This Bit of Earth
Yesterday morning I went for a walk, and there was ice, and I slipped--not wildly--yet enough so that my arms flailed, and I grabbed a nearby branch, and hoped for balance. But it wasn't a branch, really. More of a twig. And it snapped--a clean smooth break, like a bone, like a finger bone, like something fragile.
I held this piece of twig in my mittened hand, and I thought, How easy it is to be separated, how unlikely and unfortunate and strange. To be attached to something. To spend weeks and months and seasons and years shooting out of one particular tree, out of this earth, from some earlier seed of some other plant--to have all of that end in the palm of some clumsy woman? To have the breaking be that immediate, that no-looking-back?

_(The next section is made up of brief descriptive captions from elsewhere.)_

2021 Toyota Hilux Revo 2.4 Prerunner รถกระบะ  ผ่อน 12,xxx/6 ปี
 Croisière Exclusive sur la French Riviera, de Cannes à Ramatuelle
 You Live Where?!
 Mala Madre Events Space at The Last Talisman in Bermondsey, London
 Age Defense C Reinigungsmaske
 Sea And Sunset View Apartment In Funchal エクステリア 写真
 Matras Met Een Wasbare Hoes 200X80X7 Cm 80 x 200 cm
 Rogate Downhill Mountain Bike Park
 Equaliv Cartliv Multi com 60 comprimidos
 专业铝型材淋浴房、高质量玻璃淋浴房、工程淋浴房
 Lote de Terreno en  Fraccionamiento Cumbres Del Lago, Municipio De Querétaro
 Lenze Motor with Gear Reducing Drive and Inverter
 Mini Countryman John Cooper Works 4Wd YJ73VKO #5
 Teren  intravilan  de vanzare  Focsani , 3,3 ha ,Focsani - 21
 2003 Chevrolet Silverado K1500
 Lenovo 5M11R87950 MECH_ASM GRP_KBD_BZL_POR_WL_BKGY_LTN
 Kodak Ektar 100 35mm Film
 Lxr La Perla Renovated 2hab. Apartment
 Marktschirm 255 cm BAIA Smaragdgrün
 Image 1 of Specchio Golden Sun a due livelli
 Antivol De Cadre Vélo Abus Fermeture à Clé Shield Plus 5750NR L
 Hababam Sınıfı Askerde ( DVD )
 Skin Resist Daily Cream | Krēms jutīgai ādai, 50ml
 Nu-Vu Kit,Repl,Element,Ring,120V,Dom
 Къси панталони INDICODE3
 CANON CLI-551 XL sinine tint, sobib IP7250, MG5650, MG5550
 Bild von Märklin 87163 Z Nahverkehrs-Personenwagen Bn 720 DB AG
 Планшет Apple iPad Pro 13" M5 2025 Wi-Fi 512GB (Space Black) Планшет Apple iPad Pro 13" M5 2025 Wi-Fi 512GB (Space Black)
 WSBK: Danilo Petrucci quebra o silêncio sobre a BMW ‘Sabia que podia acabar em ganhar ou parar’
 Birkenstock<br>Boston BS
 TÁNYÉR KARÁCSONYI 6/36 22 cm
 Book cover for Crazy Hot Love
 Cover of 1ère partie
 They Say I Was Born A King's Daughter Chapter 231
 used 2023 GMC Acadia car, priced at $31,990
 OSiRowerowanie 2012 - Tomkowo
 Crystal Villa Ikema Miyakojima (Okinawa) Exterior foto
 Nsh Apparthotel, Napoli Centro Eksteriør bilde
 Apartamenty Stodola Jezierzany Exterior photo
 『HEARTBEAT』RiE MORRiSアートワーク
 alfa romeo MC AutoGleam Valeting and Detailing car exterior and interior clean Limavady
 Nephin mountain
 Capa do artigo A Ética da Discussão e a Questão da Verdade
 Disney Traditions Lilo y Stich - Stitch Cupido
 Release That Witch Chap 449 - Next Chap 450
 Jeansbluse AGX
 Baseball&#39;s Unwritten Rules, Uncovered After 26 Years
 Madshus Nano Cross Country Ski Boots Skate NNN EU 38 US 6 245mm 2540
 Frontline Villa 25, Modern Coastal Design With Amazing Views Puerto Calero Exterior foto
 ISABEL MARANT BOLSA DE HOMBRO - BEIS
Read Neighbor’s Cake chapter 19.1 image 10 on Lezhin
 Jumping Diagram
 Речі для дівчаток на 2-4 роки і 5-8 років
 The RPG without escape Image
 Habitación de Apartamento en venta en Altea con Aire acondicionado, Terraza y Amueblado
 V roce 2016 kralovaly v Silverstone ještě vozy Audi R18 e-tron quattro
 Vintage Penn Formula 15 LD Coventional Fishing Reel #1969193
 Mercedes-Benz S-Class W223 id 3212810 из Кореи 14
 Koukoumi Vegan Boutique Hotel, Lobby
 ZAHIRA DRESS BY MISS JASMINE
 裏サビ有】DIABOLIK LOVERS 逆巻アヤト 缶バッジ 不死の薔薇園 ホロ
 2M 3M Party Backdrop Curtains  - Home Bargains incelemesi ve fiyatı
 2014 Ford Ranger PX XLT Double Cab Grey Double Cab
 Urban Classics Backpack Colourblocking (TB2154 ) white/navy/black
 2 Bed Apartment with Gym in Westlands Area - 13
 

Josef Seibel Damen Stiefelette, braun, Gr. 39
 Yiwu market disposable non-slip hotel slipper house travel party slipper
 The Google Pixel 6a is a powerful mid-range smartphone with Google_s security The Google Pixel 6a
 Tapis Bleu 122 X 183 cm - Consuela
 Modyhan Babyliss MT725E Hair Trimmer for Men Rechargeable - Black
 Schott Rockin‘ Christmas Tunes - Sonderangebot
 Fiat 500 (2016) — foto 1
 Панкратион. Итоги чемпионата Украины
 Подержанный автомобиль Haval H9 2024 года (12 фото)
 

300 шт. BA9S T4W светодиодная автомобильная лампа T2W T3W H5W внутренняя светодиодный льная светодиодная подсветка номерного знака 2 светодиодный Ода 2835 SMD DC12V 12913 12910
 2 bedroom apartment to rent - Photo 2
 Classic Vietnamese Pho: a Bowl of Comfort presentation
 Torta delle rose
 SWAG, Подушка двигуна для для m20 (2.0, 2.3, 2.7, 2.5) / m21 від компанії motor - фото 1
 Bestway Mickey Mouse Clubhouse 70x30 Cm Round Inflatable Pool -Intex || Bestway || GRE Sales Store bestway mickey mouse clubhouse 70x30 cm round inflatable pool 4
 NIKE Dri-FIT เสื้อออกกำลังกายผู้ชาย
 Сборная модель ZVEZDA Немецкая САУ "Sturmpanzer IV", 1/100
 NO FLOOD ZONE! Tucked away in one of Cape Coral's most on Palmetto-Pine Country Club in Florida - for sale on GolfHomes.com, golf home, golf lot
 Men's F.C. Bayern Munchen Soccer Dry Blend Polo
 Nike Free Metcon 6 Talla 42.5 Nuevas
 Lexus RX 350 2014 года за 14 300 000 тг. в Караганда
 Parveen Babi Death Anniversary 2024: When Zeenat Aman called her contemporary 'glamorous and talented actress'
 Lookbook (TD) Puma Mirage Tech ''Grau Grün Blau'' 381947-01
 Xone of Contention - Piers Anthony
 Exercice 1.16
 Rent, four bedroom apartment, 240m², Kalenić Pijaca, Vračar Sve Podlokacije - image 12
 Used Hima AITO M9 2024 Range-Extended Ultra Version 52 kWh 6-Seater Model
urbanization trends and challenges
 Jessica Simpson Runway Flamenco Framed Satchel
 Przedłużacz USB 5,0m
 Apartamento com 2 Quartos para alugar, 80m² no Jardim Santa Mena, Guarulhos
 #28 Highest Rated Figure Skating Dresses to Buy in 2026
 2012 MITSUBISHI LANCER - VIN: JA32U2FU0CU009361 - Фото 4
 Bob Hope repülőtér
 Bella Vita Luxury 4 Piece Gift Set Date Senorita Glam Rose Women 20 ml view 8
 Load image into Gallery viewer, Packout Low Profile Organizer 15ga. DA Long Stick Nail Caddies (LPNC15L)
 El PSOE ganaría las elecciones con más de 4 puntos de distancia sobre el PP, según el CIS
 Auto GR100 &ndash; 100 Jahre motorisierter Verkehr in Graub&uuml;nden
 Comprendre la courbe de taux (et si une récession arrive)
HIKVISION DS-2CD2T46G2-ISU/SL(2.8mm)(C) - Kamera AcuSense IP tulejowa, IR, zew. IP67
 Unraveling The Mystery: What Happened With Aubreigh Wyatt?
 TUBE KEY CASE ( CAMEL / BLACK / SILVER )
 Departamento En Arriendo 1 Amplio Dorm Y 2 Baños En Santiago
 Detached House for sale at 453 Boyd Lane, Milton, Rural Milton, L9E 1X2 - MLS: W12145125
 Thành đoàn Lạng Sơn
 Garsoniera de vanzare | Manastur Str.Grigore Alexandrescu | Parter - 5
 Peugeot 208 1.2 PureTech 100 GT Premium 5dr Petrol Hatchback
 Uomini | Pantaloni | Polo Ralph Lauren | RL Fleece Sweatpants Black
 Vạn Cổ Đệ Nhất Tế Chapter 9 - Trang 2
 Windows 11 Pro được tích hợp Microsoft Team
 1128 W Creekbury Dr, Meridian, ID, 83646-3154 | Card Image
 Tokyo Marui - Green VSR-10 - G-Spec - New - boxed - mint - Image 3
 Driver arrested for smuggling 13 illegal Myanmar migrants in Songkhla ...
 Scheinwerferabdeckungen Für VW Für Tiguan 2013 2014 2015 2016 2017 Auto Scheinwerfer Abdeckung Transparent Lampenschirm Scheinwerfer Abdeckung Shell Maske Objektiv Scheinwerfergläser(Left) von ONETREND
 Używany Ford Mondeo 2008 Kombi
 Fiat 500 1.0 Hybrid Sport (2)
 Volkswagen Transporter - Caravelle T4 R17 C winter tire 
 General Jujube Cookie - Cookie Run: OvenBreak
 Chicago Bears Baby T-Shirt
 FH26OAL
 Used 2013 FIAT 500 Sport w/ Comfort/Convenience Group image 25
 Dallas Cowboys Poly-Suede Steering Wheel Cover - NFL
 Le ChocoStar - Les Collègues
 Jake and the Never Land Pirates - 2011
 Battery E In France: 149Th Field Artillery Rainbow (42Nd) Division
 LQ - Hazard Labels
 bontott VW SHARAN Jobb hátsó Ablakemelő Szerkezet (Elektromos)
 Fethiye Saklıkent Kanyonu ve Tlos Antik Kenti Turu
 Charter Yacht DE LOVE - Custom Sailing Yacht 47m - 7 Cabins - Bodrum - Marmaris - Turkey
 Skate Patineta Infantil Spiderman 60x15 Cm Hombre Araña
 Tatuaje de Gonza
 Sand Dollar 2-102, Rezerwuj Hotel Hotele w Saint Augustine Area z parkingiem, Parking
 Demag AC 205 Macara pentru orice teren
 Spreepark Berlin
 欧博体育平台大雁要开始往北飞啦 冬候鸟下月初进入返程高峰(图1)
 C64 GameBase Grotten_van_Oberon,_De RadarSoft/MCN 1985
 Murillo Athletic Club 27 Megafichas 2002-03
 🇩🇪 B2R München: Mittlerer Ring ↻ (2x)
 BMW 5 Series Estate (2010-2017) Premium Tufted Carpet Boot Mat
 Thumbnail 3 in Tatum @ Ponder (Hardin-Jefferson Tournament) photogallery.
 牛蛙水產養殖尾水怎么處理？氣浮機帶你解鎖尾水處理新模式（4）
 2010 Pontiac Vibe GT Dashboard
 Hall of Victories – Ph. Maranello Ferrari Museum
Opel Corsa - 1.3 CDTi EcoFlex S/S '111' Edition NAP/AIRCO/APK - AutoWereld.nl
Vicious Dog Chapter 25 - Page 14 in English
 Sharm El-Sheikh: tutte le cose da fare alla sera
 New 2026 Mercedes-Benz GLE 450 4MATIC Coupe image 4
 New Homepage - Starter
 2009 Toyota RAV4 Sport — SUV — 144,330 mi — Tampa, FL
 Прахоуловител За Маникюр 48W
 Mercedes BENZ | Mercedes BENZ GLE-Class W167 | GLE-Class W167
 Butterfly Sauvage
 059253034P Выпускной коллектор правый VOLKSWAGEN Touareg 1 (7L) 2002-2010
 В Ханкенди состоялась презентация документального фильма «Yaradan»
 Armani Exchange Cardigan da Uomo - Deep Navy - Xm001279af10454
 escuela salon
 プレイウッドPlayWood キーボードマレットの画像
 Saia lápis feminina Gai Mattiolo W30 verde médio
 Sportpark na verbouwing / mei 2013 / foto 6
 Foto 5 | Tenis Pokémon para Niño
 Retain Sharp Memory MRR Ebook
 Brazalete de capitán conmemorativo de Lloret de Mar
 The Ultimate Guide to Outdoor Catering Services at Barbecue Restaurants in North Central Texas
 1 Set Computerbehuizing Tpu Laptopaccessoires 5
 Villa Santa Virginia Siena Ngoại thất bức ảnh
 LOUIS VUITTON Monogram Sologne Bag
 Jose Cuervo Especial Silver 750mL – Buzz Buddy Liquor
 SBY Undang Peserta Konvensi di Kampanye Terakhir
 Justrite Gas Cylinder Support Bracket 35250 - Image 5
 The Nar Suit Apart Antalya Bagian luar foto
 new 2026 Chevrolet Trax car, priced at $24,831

The context is this: I've been thinking about death. In less than a week, I have lost two loved ones from different sides of my family (one of them young), and I keep driving down long open roads, looking at the snow, the bare trees, the gray grasses lying low in the ditches, and I know just as everyone knows that death is a part of life, that it is all cyclical, that there is no such thing as control. But. But,
If I had not been looking at that chickadee, if I had been wearing better boots, if I had not been worrying about what to say and what I should have said and why I didn't--I would have noticed the ice. I could have prevented at least that twig from breaking.
But of course I would not have. Could not have. The ice was covered over with thin powder, as it so often is--no more ill-meaning than a cloud.
When I picked myself up off the ground, I carried the twig with me for a while. After a few paces, I thought about turning around, returning it to its original tree and leaving it there at its trunk, saying some kind of prayer. But I would have made those actions only for myself.
To my left was an overlook onto a snowy marsh, and I walked up to the edge of land and tossed the twig in. It sunk, somewhere in all that white. And I don't think I delude myself in believing that this bit of earth, which was once alive, will find its purpose there.